能登の里山里海

能登の里山里海

(株)ぶなの森 代表取締役 高峰 博保氏

 能登の里山にはブナ林のほか、オオイワカガミ、チゴユリ、ガマズミなどの植物を見ることができます。一方、里海では、日本で唯一奥能登に残っている揚浜式の塩田があります。能登の里海は海藻も豊富です。貴重な民俗文化財も残っています。有名なのは「あえのこと」です。田の神様を12月に迎え入れて、2月にお帰りいただく風習です。そのほかに門前の鬼屋神社で行われる「ぞんべら祭り」などがあります。
 能登の里山里海エリアでは人口の減少がどんどん進んでいます。高齢者の比率も非常に高くなっています。七尾市や輪島市など核となる自治体でも4割を超えています。先般、日本創成会議が消滅可能性のある自治体を発表しました。20歳から39歳までの女性(子どもを産み育てる世代)が2040年には、能登町で81.3パーセント減少するという数値が出ています。羽咋市も69.6パーセント減少するとされており、実は、奥能登だけではなく中能登エリアも安閑としてはいられない状況です。

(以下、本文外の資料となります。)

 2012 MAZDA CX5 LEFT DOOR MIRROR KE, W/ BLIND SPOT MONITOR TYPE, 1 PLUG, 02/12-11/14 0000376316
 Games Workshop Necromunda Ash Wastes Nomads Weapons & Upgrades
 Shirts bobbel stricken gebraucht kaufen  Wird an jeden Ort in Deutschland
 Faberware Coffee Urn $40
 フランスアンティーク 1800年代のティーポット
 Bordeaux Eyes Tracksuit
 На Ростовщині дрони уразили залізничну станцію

 現状、森林の多くが放置されています。戦後の拡大造林政策により杉が植えられましたが、途中から材木の価格が低下して外材に押され、国産材をいくら切り出してもお金にならないことから、森林が放置されました。倒木が放置されるとどうなるのか?数年前に浅野川が氾濫しましたが、その要因の一つが森林の放置であると言われています。激しく雨が降ると林内に残っている倒木が流れ出し、下流の橋の欄干に引っかかり山のようになって両側に水が溢れるということが起こります。町中に住んでいる人にとっても極めて由々しき状況が里山の森林のなかで起こっているということを認識してほしいと思います。石川県は森林環境税を導入して7年目ですが、毎年3億6000万円ほどを放置されている森林の整備に充てています。

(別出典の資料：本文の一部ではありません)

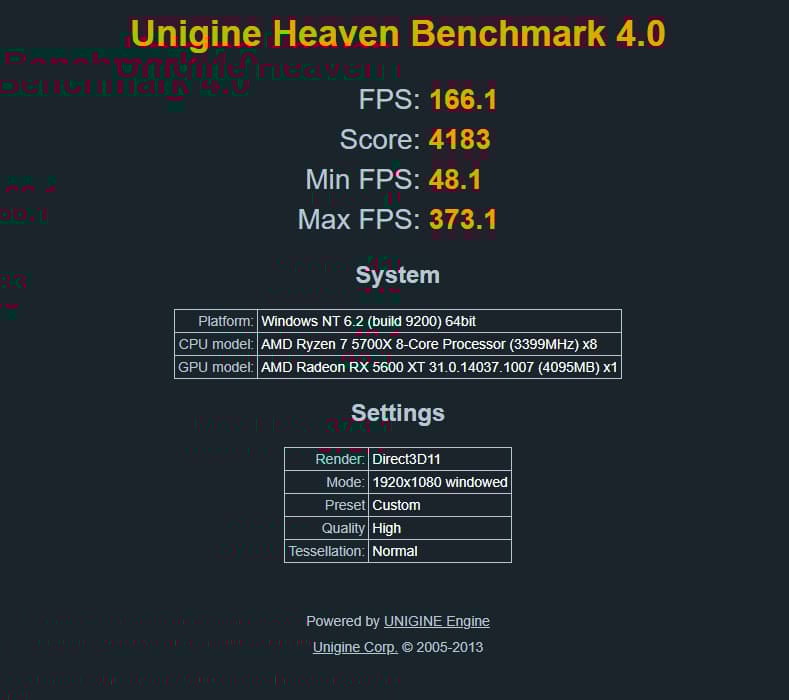 PowerColor Radeon RX 5600 XT Red Dragon GPU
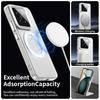 For Xiaomi 15 Case Cover Xiaomi Mi 15 Capas Phone Bumper Armor Back Transparent Magnetic Matte Clear Fundas Xiaomi 15 Xiaomi15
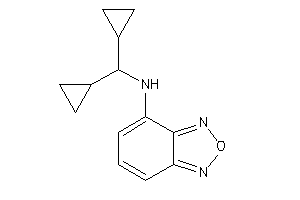 Benzofurazan-4-yl(dicyclopropylmethyl)amine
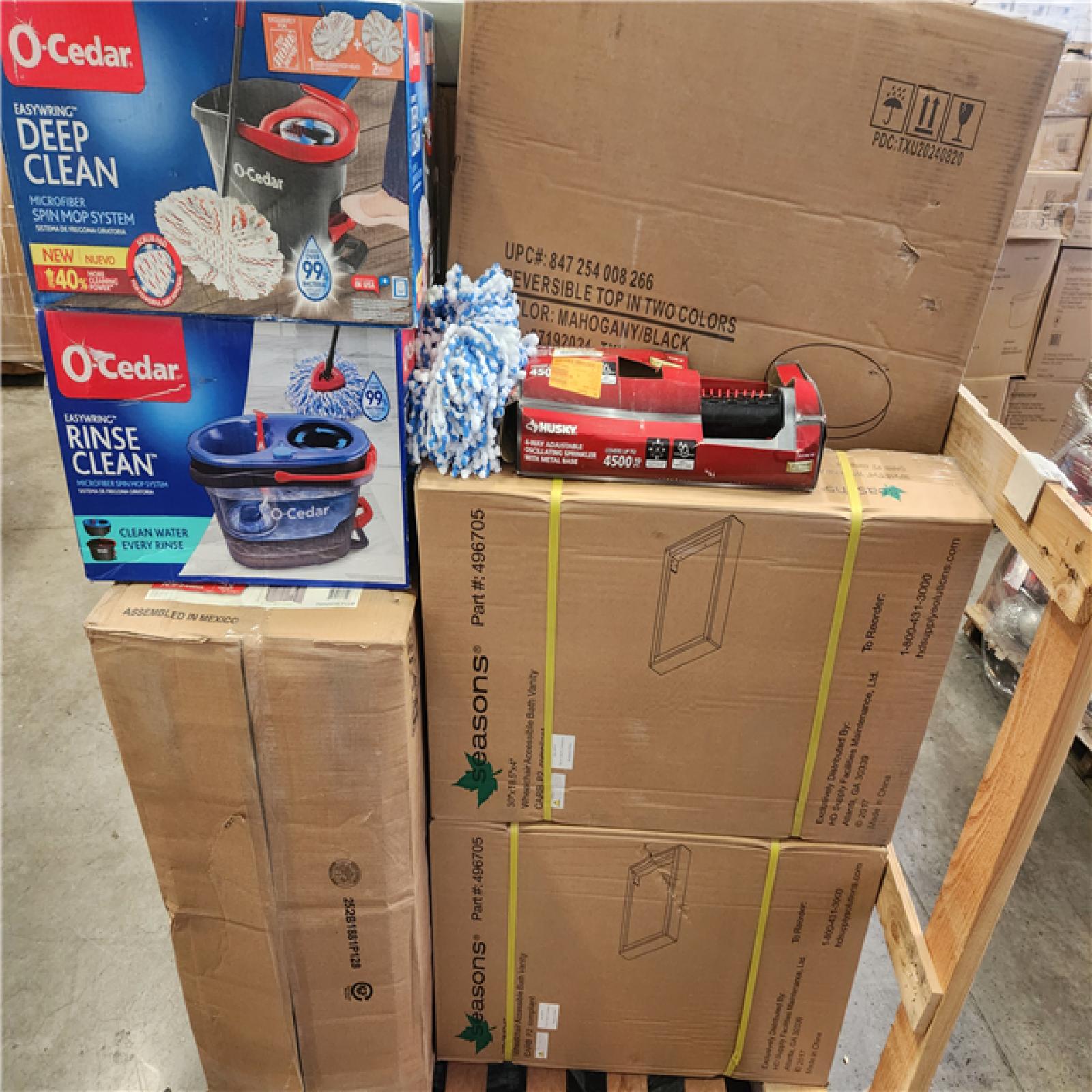 Phoenix AS-IS Mixed Home Improvement Pallet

 私たちは里山里海を有効に生かすために、森歩きのガイドツアーに取り組んでいます。森にできるだけ親しみ、森が持っている可能性を感じてもらうために、昨年10月から輪島市の健康の森で「癒やしフェスタ」というイベントも行っています。他方で、人の誘致をすすめる取り組みもしています。主に子育て世代を誘致する目的で「能登定住交流機構」という会を立ち上げました。東洋大学の学生が能登の里山の保全活動に参加していますが、初年度に参加した学生が今年から能登で就職することになりました。
 今後は、農産物にどのように付加価値を付けて売るかということを考える必要があります。その結果として、利益を出すことができれば、そこで働く人も増えることになります。能登では、若い定置網の従事者がたくさんいます。一次産業のジャンルでも、若い人がたくさん来ています。今後も、能登で若い人達が新しい仕事として関われるような受け皿を作りたいと考えています。こうした活動を通じて、里山里海を有効に活用していただきたいというのが我々の願いです。